A greve dos professores da rede pública do Distrito Federal, por tempo indeterminado, começou nesta quinta-feira (16/3). A paralisação afetará mais de 450 mil alunos matriculados na rede pública do Distrito Federal. Os educadores aderiram à greve nacional da categoria contra a Reforma na Previdência. Além disso, reivindicam por pautas locais, como o constante atraso do pagamento do 13º salário, da falta de pagamento da licença prêmio e do descumprimento do Governo do Distrito Federal quanto ao plano distrital de educação.

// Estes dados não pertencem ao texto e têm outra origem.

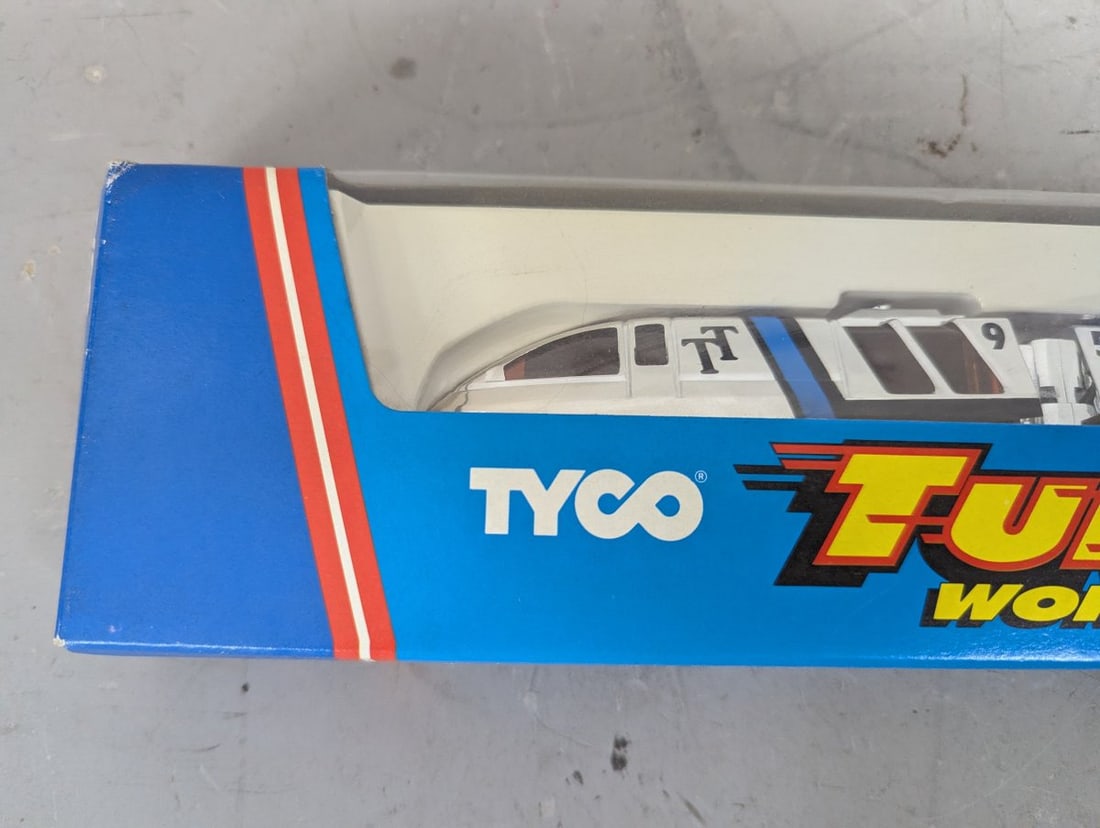 Tyco HO Scale Turbo Train Passenger Car Vintage Railway Collectible New Old Stock - 2
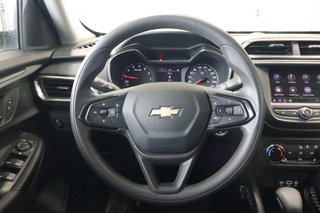 Chevrolet Trailblazer  2022 à Montréal, Québec - 10 - w320h240px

O ato foi proposto pela Confederação Nacional dos Trabalhadores em Educação (CNTE) e teve adesão da categoria no DF durante assembleia geral em 13 de fevereiro. Uma nova assembleia geral dos professores do DF está prevista para 21 de março, para decidir sobre a continuidade do movimento.
No Centro de Ensino Médio Setor Leste, na Asa Sul, a greve dos professores impactou cerca de 1.740 alunos de primeiro ao terceiro ano. Na instituição, 11 professores aderiram à paralisação em cada turno. Os alunos estão sem professores para as disciplinas de artes, filosofia, sociologia, geografia, português e inglês.
“Nós estamos passando atividades nas salas que não têm professores. Quando não temos essas atividades, os alunos ficam com horário vago. Mas só podem sair daqui com a autorização do responsável, nunca liberamos mais cedo”, relatou a diretora Janaína Moreira de Faria.

Corte na folha de ponto

O governador Rodrigo Rollemberg (PSB) decidiu cortar o ponto dos professores que deixaram a sala de aula para participar de assembleia promovida pelo Sinpro-DF há um mês. O desconto vai constar na próxima folha de pagamento. Da mesma forma, isso vai ocorrer com os docentes que aderirem a qualquer paralisação ou a novos movimentos.